Read our cover story on working with state attorneys general
When a state AG’s office launches a corporate investigation or enforcement action, it is helpful for the company in question to try to determine where in the AG’s office the case is being handled—by longterm lawyers at the office or by politically appointed lawyers who may come and go with the AG. It will inform the company’s evaluation of the case—its profile, how important it is to the AG, how it is likely to be handled, its objective.
Because most AG actions are statutory, companies should also examine the statute in question to determine what powers it grants to the AG; for instance, whether it requires scienter or it is a strict liability statute, which is common among consumer protection statutes that underpin a great deal of AG actions.
In determining whether the case is something to fight or settle quickly, companies should decide how much they’re willing to change for a settlement.
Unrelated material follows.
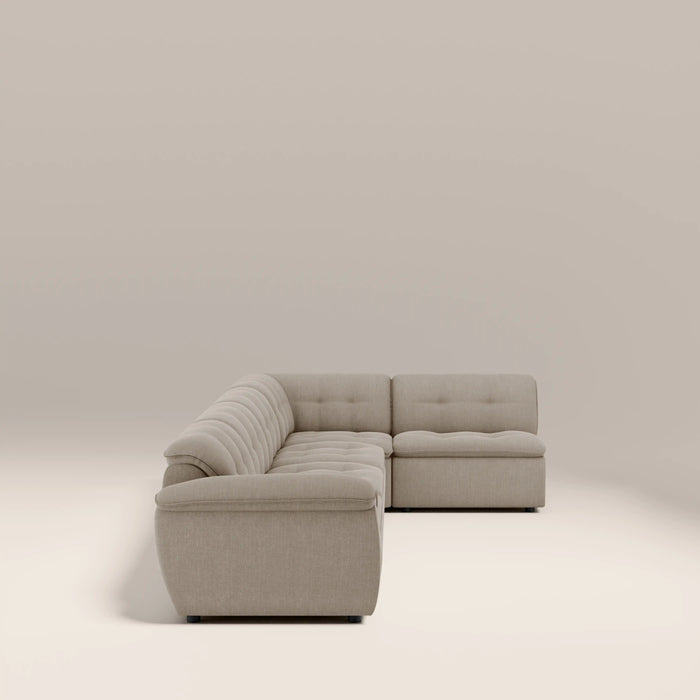 Bamba Right Hand Armless 4 Seater Corner Sofa | Pebble Grey Velvet Chenille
Because so many AG actions are aimed at consumer protection, often a company will be able to negotiate a settlement under the agreement that they change or stop the conduct that brought them under scrutiny or they agree to make additional disclosures.
“The question is whether you can perhaps negotiate so that it’s a win-win outcome for everyone,” says Kent Sullivan, a former first AG in Texas, former Texas Court of Appeals justice, and now a partner at Sutherland Asbill & Brennan. “You can continue to engage in business you think is critical in terms of your business success and they are able to stop whatever conduct they consider to be most controversial.”